In 2003, the Alaska Legislature attempted to eliminate the ability of bad faith squatters to acquire title to land by significantly narrowing the circumstances under which a person can establish title to land by adverse possession.[1] Prior to 2003, good faith was not necessary: continuous, open and notorious, exclusive, and hostile possession of the land for at least 10 years was sufficient.[2] Effective July 18, 2003, the adverse possession rule was amended so that title only vests to a person who can also prove they had a good faith belief that their neighbor’s land lies within the boundaries of land the adverse possessor already owns.

Three recent Alaska cases clarify when the 2003 changes to the law apply, the elements of adverse possession, and the presumption of permissive use that is often applied in adverse possession cases.
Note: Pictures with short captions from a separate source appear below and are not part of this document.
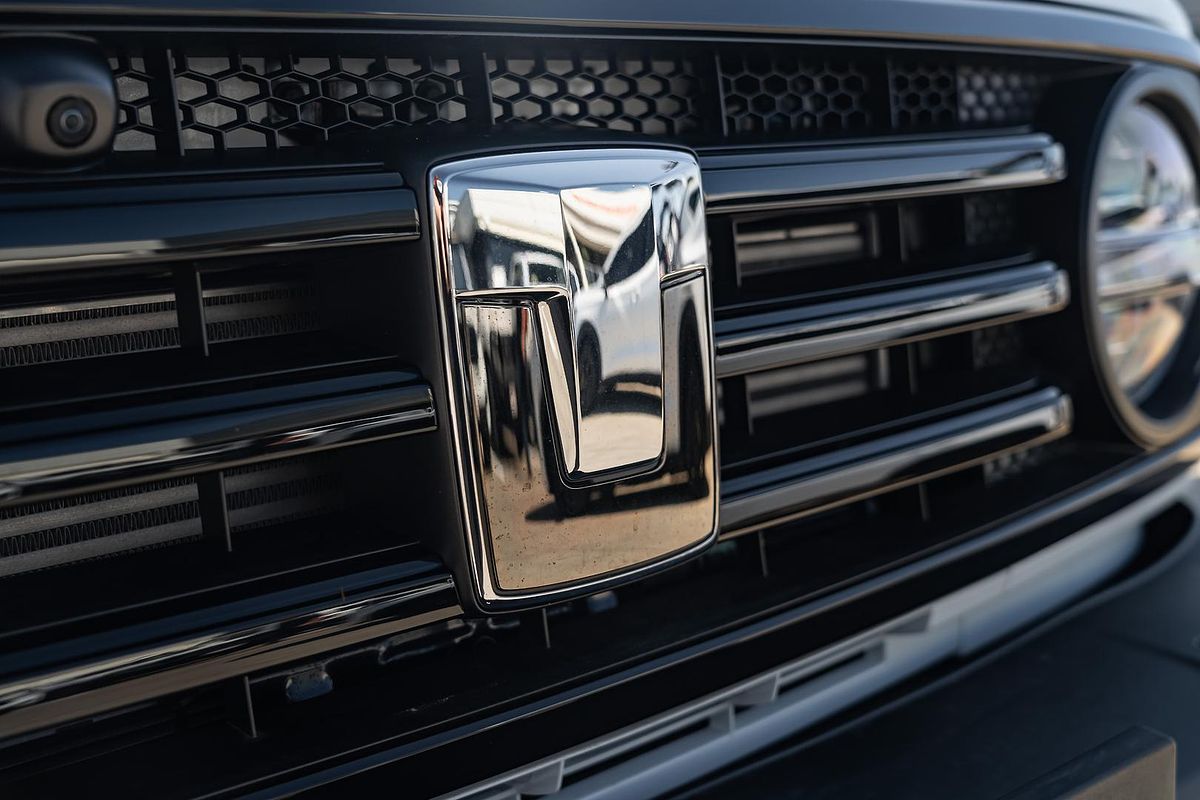 2025 GWM Tank 300 Ultra Hybrid P01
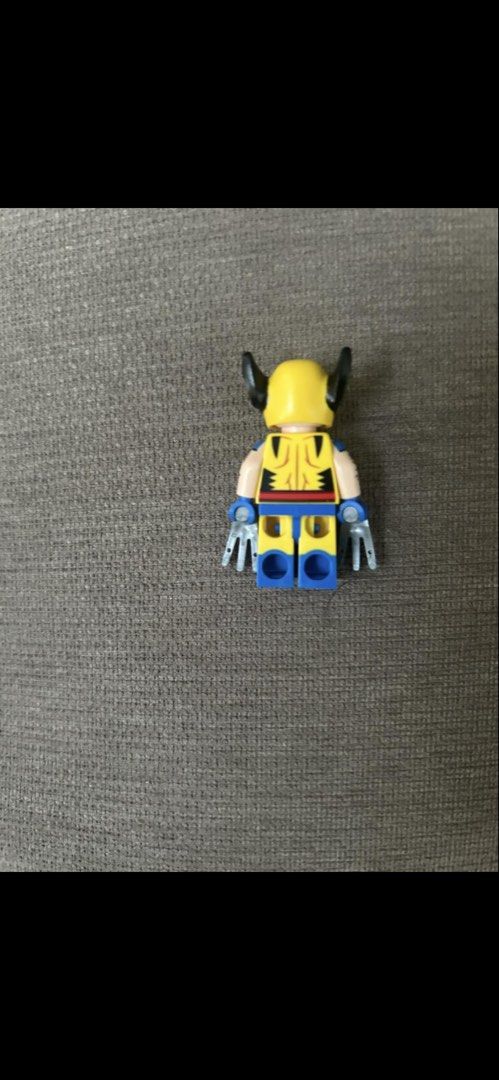 LEGO Marvel X-Men Wolverine Minifigure with Claws (Category: Lego & Building Sets) located in Makati City. Submitted by rcg98 (Listing ID 1470809824, Image 1). Description: - Character: LEGO Wolverine from the X-Men series - Design: Classic yellow and blue suit with front and back torso printing - Includes: Cowl and signature claw accessories - Condition: Brand new / Excellent addition to any Marvel collection - Shipping: Fast shipping available 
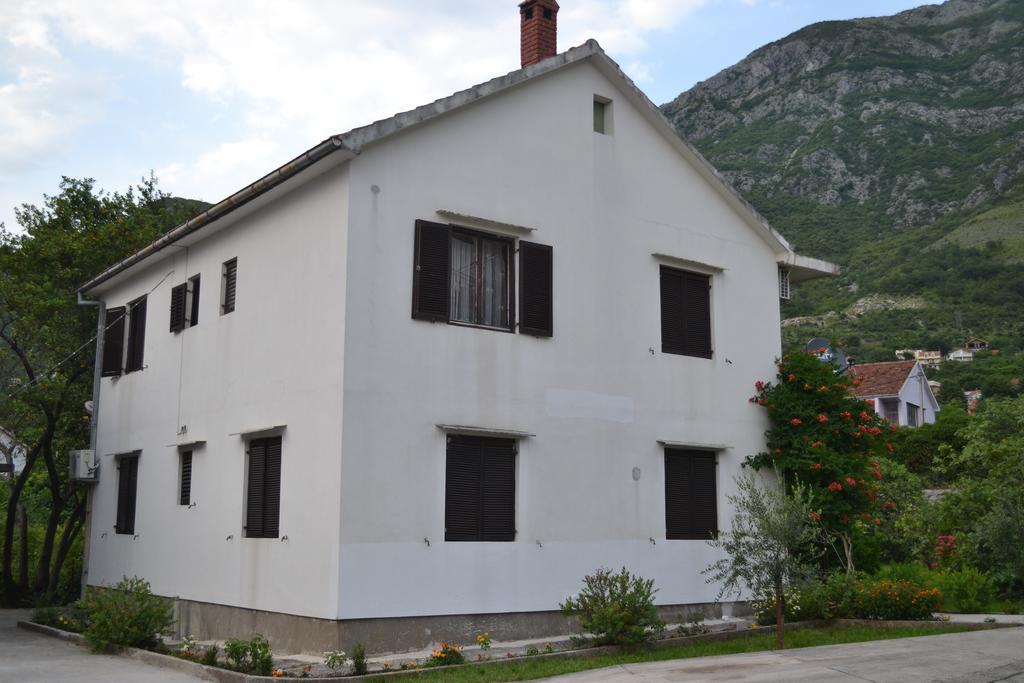 Apartments Nikovic Risan Exterior foto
When the 2003 Amendments Apply

  In Yuk v. Robertson, decided on May 26, 2017, the Alaska Supreme Court cited a 2011 case and reaffirmed that the 2003 changes to the adverse possession law do not apply retroactively.[3] In Prax v. Zalewski, decided on August 11, 2017, the Alaska Supreme Court clarified that the 2003 changes to the law apply to claims where the period of possession began but did not fully vest before July 18, 2003.[4] In other words, if all of the requirements necessary to establish an adverse possession claim were not met before July 18, 2003, the good faith factor will apply. In late 2016, a Juneau Superior Court judge determined that the 2003 changes to the law do not apply to prescriptive easements.[5]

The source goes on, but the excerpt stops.